His assumption was that I would be loyal, do whatever I was asked to do, and in return I could expect the company to reward me for my loyal service through a series of periodic promotions and assignments, which might result in an occasional relocation.
The corporate world has drastically changed since then. Over the past 10 years or so there has been much said about the lack of loyalty in the employer-employee relationship. Now, oftentimes, we hear from our leaders, “you own your career”.
What Exactly Does It Mean to “Own Your Career”?
- Clarify your career goals. You don’t necessarily need to plan out the next 30 years as my boss did for me, but try to get a clear idea of what your goals are for the next few years. If you aren’t sure what your goals are or have too many ideas to process, find a friend or a coach who can help you clarify what’s important and narrow down your objectives.
- Define the skills you will need. Honestly assess your current status. What do you already have going for you, where do you need further development, guidance, education or other help? Take responsibility for seeking feedback and developing your expertise and skill set (see my post on Identifying and Marketing Your Expertise).
- Create a short development plan. Write down your goals (include the why behind the goals), skills needed, specific ideas you have on developing the skills and when you will do what. Most organizations have some sort of individual development planning form to help you get started. However, the form is less important than the content.
- Share it, Review it, Live it. Share your plan with everyone you know, including your manager. Don’t wait to be asked about your plan—or wait to share it in the once or twice a year development conversations. The more often you share your plan, the more your commitment will grow. Review and update your plan regularly. Put it in to practice.
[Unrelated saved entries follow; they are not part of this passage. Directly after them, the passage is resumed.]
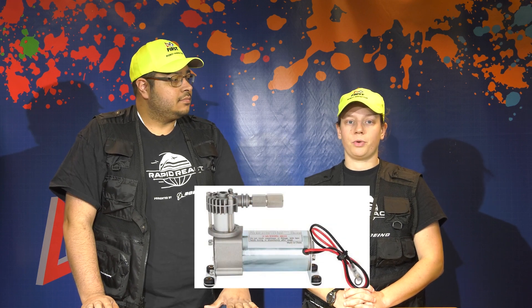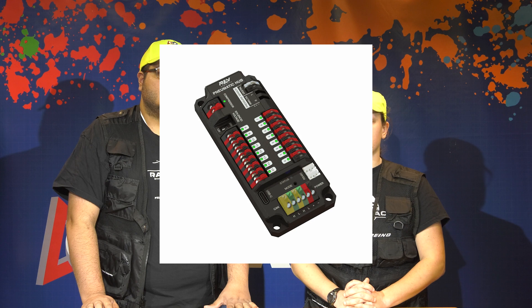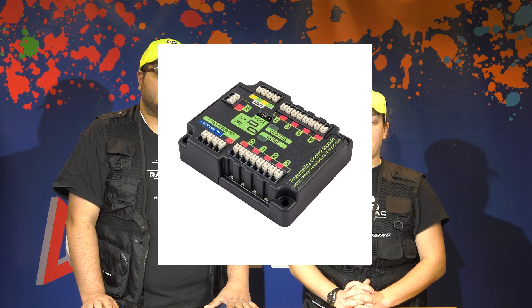The first thing that inspectors will do is check to ensure that you have only one compressor on the robot and that it is powered correctly. R805 has a list of all the required components for the pneumatic system. Per R812, inspectors will also check to ensure that teams have either the pneumatic hub or the pneumatics control module to control the pneumatics and compressor.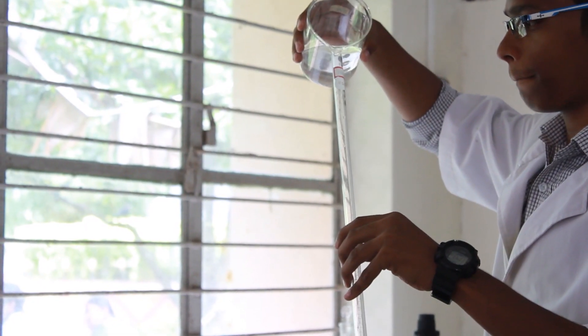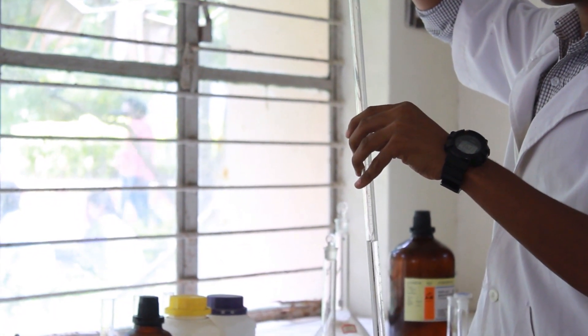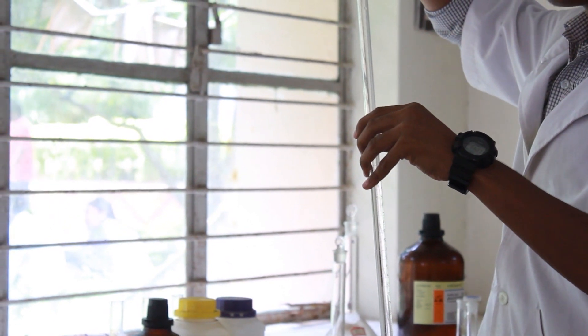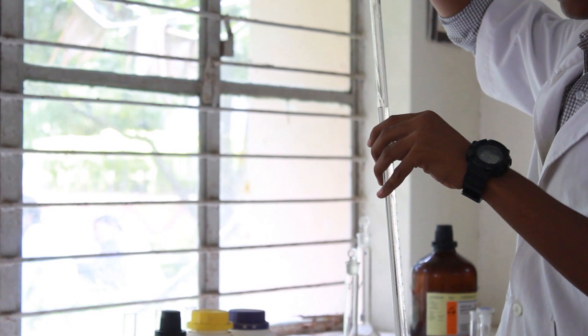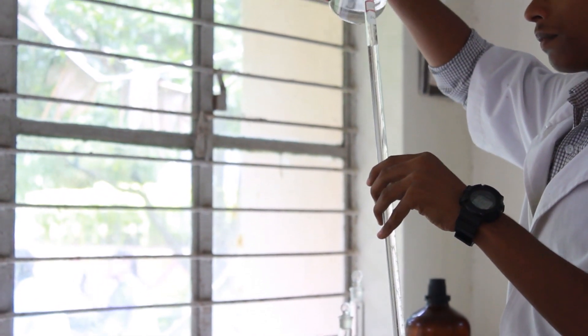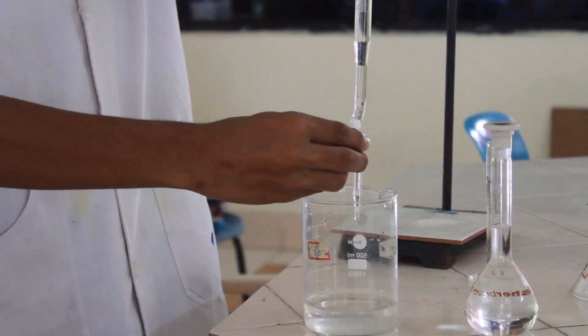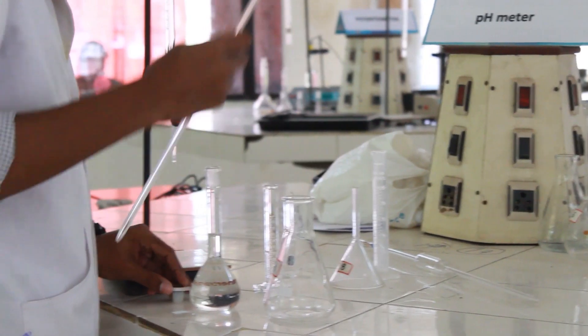Now pick up a burette which is already cleaned, fill it with sodium hydroxide solution, and verify for the absence of air bubbles or any air gaps in the burette to avoid any errors. Now adjust the level of sodium hydroxide solution to zero by slowly opening the nozzle of the burette.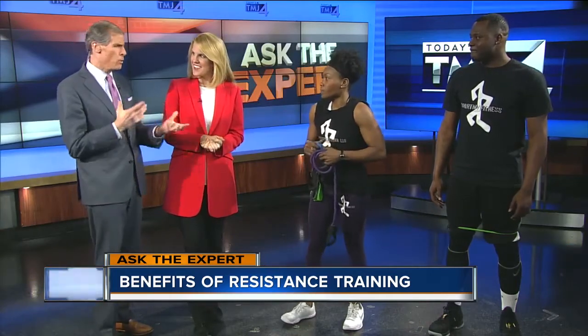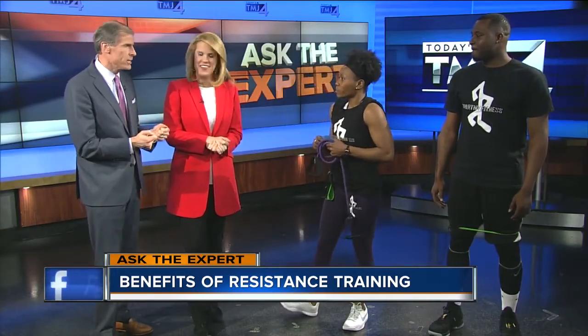It is time now for Ask the Expert. If you don't have time to hit the gym, there are still some great things you can do to get your workout in at home or work. Joining us live this afternoon to talk about resistance training is Yoshi Barnes with Sport My Fitness. Great to have you here. People are always struggling to find the time to get these workouts, but what are the benefits of incorporating resistance into your training?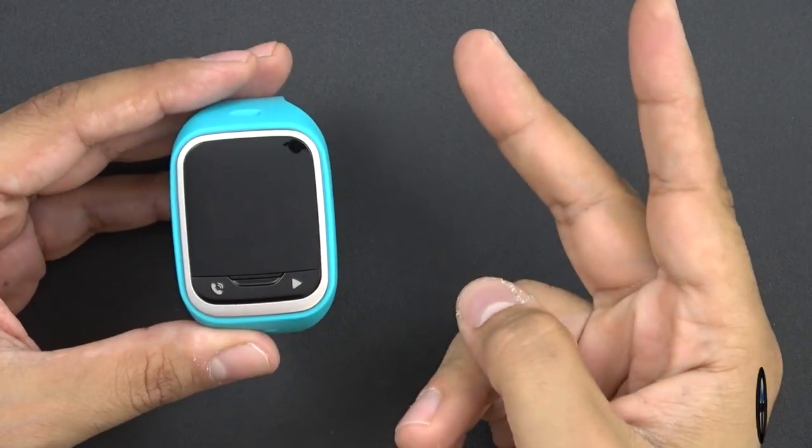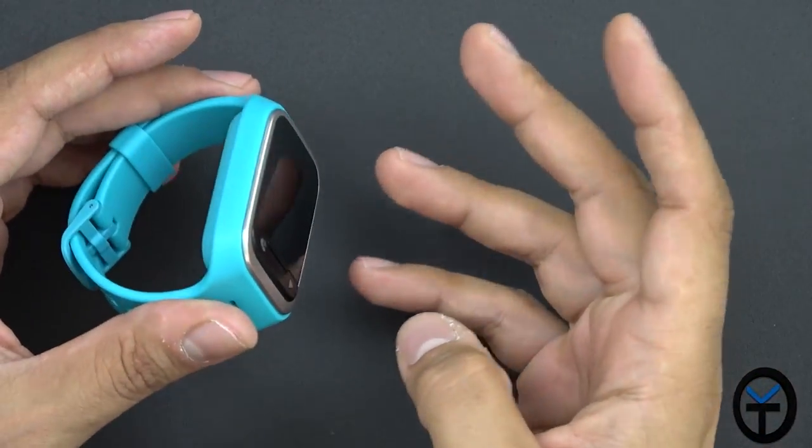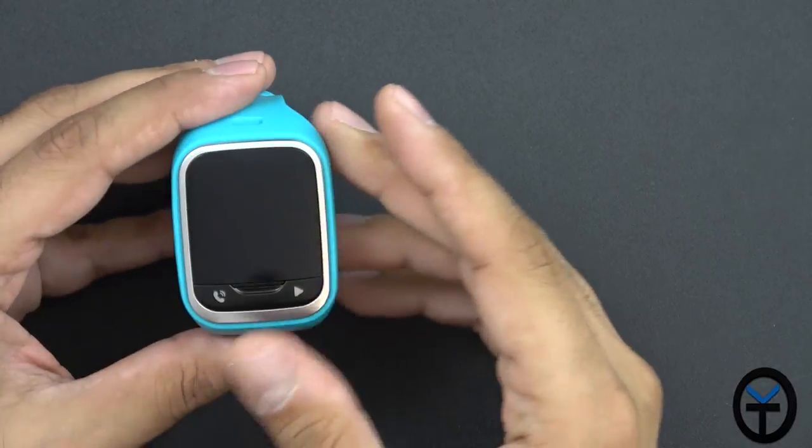As I mentioned in the introduction, there are two colors available — blue and pink, obviously for boys and girls, or depending on your preference you can pick whichever you'd like.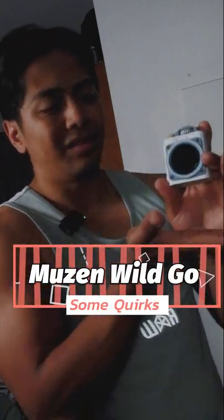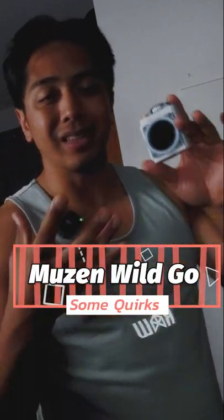Using the Wild Go — this speaker is great. However, there are some quirks around it that I want to tell you guys about that you may not like.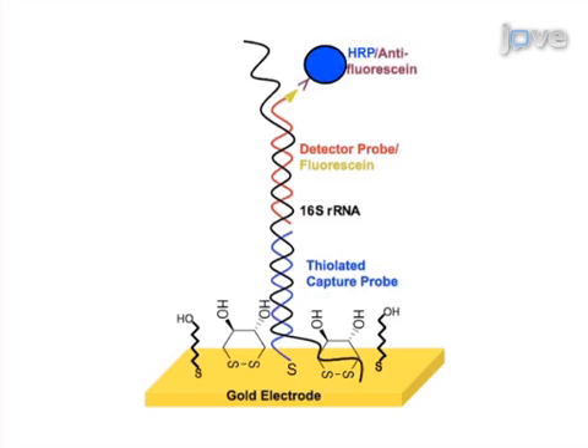Next, the anti-fluorescein horseradish peroxidase conjugate is allowed to bind to the fluorescein-labeled detector probe. Finally, an amperometric current, the intensity of which is correlated with the number of capture probe-ribosomal RNA-detector probe complexes on the sensor surface, can be obtained.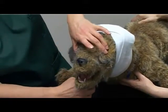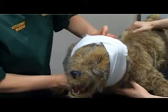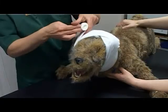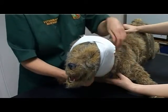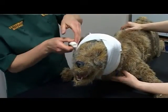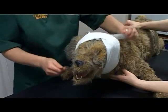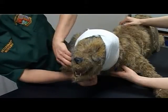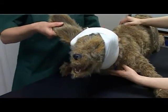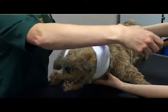Check the airway is not restricted. Apply conforming bandage in a figure of eight fashion around the head with the unaffected ear exposed. Again, check the airway is not restricted. Apply an outer protective layer in a figure of eight fashion around the head with the unaffected ear exposed.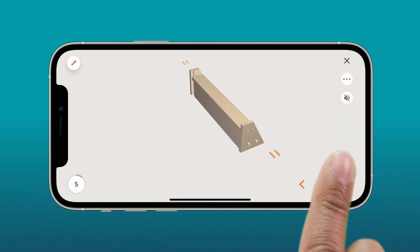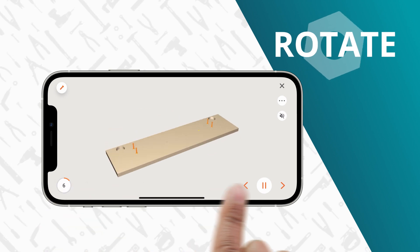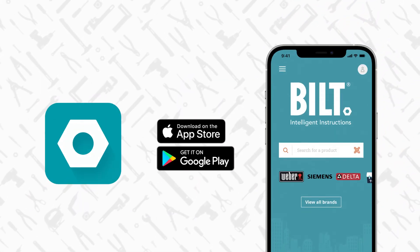This product comes with official 3D instructions on the Built app, so you can rotate the images on a touch screen to get just the right angle, zoom in, or tap on a part. It's a free download from the App Store or Google Play.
- Leverage your organization’s resources. Your company may not have much in the way of career development resources or, on the flip side, it may have a lot to offer. Find out about courses offered or sponsored, assessments or other tools available, tuition reimbursement programs, mentoring or coaching programs, and any other available resources. Your peers are often excellent and underutilized resources. Find out what they’re doing and seek their advice.
- Do good work. There is no substitute for strong performance. Future career success often is linked to past performance and success. Even if you want to change directions and do something completely different in your career, leave a good legacy in your current role.
- Don’t whine. If you get passed up for an opportunity you wanted, figure out what, if anything, you could have done differently. Don’t blame your boss, HR, or your horoscope. Learn from your mistakes. Communicate your disappointment in a positive way and ask for input on what to do differently next time. Be willing to hear the truth. If you get the sense your desired career path is not going to be a realistic possibility within your current organization, then start thinking about your alternatives.
I am sure some people might read this list and think that I’m letting organizational leaders and direct managers off the hook. I’m not. I think there are roles to be fulfilled on the part of the organization (meaning senior leadership and HR), the direct manager as well as the individual. However, no one will ever care as much about our careers as we do—let’s not leave our career success to chance or in someone else’s hands.